The company’s admission came in a letter to nine U.S. senators who accused TikTok and its parent of monitoring U.S. citizens and demanded answers on what’s becoming a familiar line of questioning for the company: Do China-based employees have access to U.S. users’ data? What role do those employees play in shaping TikTok’s algorithm? Is any of that information shared with the Chinese government?
Currently, China-based employees who clear a number of internal security protocols can access certain information on TikTok’s U.S. users, including public videos and comments, TikTok Chief Executive Officer Shou Zi Chew said in the June 30 letter obtained by Bloomberg News. None of that information is shared with the Chinese government, and it is subject to “robust cybersecurity controls,” he said.

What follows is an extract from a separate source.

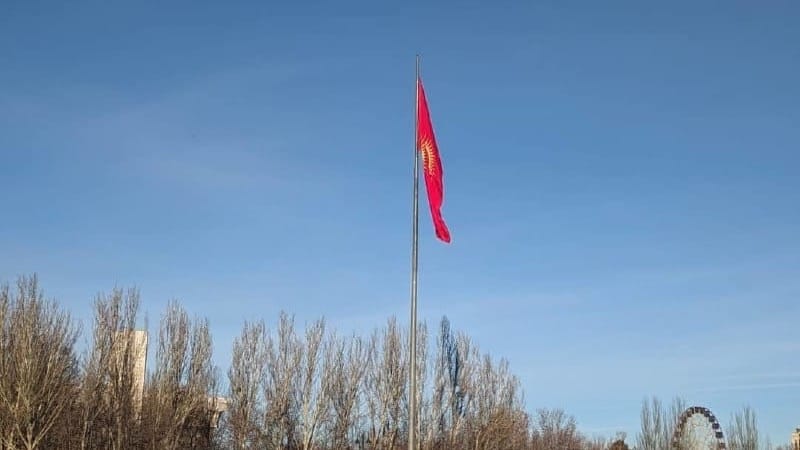 На площади Ала-Тоо подняли обновленный флаг КР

The social network said it’s working with the U.S. government on strengthening data security around that information — particularly anything defined as “protected” by the Committee on Foreign Investment in the U.S., or CFIUS. This new effort, called “Project Texas,” includes physically storing U.S. information in data centers on U.S. servers owned by software giant Oracle Corp. TikTok is also shifting its platform to Oracle’s cloud infrastructure, which means the app and the algorithm will be accessed and deployed for U.S. users from domestic data centers.

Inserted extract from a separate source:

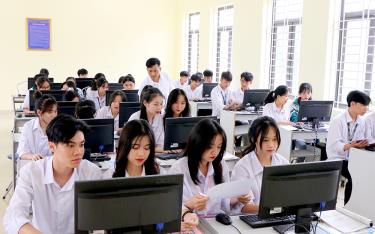 Giờ Tin học của thầy và trò Trường THPT Văn Chấn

“TikTok’s response confirms our fears about the CCP’s influence in the company were well-founded,” Republican Senator Marsha Blackburn of Tennessee told Bloomberg on Friday. “The Chinese-run company should have come clean from the start, but it attempted to shroud its work in secrecy. Americans need to know if they are on TikTok, Communist China has their information.”
Several senators, all Republicans, in a June 27 letter cited a report in BuzzFeed News that said TikTok’s US consumer data was accessed by company engineers in China. The lawmakers said in the letter that TikTok and its parent “are using their access to a treasure trove of U.S. consumer data to surveil Americans.” The New York Times reported earlier on TikTok’s response.